MAKING HEDGEROW JUMBLE JAM & BRAMBLE MADEIRA CAKE September 29 2019
Autumn is my favourite time of year & while I'm out walking in the countryside I love to collect natural ingredients & try out traditional seasonal recipes - adding my own little twist. Blackberries, apples & damsons are plentiful at this time of this year & if you'd like to give them a try, these simple recipes will fill your home with the softly spiced scent of autumn.
HEDGEROW JUMBLE JAM
You will need:
900g prepared mixed fruit (e.g. blackberries, damsons, apples), 900g sugar, zest & juice of 3 oranges, 1 teaspoon of mixed spice
1. Place all ingredients into a large pan & boil gently for approximately 1/2 hour
2. Cover & leave to cool completely, then add a little water &/or re-cook until the desired consistency is reached
3. Allow the jam to cool slightly, before transferring into clean sterilized jars
This jam is delicious served on hot buttered toast, muffins or crumpets, it also makes a glorious filling for jam tarts.

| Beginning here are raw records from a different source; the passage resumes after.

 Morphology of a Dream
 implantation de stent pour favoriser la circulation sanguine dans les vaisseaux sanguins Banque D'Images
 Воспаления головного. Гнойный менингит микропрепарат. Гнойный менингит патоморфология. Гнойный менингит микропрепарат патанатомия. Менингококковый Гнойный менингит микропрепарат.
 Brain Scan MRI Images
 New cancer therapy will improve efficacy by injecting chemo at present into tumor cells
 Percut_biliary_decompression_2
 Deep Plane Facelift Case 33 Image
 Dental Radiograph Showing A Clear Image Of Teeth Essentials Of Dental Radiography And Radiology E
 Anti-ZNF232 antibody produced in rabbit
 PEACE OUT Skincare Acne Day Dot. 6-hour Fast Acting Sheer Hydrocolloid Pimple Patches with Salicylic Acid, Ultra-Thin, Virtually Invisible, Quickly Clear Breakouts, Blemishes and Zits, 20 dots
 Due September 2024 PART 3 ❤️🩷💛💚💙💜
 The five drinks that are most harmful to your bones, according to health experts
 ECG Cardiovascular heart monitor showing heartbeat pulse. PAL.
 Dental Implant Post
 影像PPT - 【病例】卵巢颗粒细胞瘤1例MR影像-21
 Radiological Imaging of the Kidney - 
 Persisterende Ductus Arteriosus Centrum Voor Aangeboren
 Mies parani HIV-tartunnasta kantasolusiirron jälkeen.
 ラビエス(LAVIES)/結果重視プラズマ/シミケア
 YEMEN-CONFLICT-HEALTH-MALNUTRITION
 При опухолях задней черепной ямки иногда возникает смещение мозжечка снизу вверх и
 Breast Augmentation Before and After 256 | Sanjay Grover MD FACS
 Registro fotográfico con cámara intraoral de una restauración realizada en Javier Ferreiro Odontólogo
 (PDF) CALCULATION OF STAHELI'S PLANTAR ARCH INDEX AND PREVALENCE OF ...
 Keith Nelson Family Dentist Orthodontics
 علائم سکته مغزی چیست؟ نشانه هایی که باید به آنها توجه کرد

BRAMBLE & ALMOND MADEIRA CAKE
You will need:
250g butter, 250g sugar, 250g flour, 4 eggs,1 teaspoon baking powder, 250g blackberries, 150g flaked almonds, 1 teaspoon almond extract, milk to mix, a few extra blackberries & almonds to decorate
1. Cream butter & sugar, add eggs, flour, baking powder, almond extract & almonds & mix well
2. Dust blackberries with a little flour & fold gently into the cake mixture
2. Transfer mixture into a greased & lined cake tin & sprinkle the top with extra blackberries & almonds
3. Bake in a pre-heated oven at 170C for 40-50 minutes, or until the top is golden-brown & a skewer inserted into the centre comes out clean
4. Leave to cool slightly before turning out onto a wire rack, dust with icing sugar & garnish with extra blackberries
Simply enjoy with a cup of tea, or serve as a seasonal autumn pudding warmed with pouring cream.
That's all for now, thank you for reading.